Mais, tiens, tu me donnes une idée ….
A la première lecture, ça ne me disait rien du tout cette histoire de 16, je me demandais si j’avais manqué quelque chose.
En relisant plus tard, un vague souvenir est remonté à la surface, d’une époque indéterminée, venant de la préhistoire des communications téléphoniques ( pour qui ne sort presque jamais sans un portable à portée de main…) Il me semble bien avoir vu utiliser ce système chez les parents pour appeler la famille . Mais c’est très flou comme souvenir, une autre époque. Il y a eu aussi, plus tard, des demi-tarifs après 21h, où le dimanche, je ne sais plus…

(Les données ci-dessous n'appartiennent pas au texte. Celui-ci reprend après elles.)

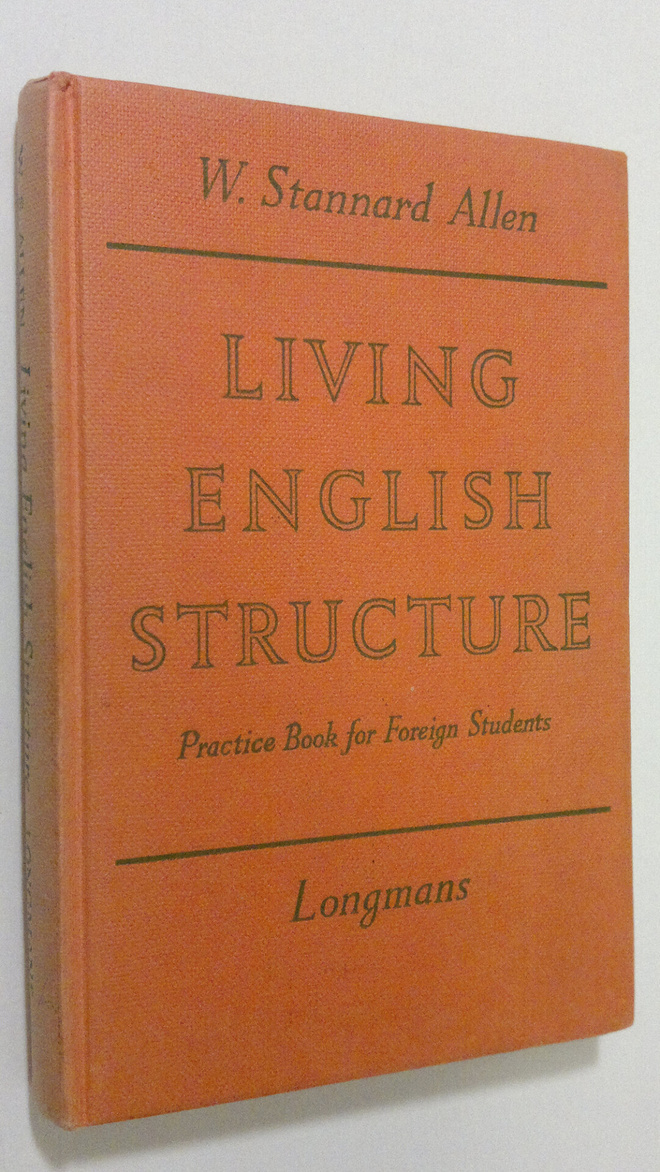 W. Stannard Allen : Living english structure : Practise b...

C’est une évocation chargee d’émotion cette rencontre à distance avec ta mamie, pleine de joie et d’impatience.
Et mince, mon commentaire s’est encore fichu en réponse, tant pis, je ne recopie pas.

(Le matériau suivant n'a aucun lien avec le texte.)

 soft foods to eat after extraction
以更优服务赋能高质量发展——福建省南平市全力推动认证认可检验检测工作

Pour recopier un commentaire rapidement, va dans ton tableau de bord, et fais un copier-coller du texte, chose qui n’est pas possible sur la page de l’article. Après, tu n’as plus qu’à supprimer le com qui n’est pas à sa place.
Pour vous répondre, mesdames : le « 16 » est mort très précisément le 18 octobre 1996, avec l’introduction des indicatifs régionaux (de 01 à 05).
Merci le Net (Wikipédia sur les numérotations successives en France) !!
Ah ! Ce n’est donc pas si ancien que ça, 25 ans, c’est rien, enfin, presque rien 🙂
Si le 16 est mort fin 96, il a dû commencer très longtemps avant, puisque ta grand-mère t’appellait enfant, même s’il s’agissait de grand enfant, comme le précise Catherine.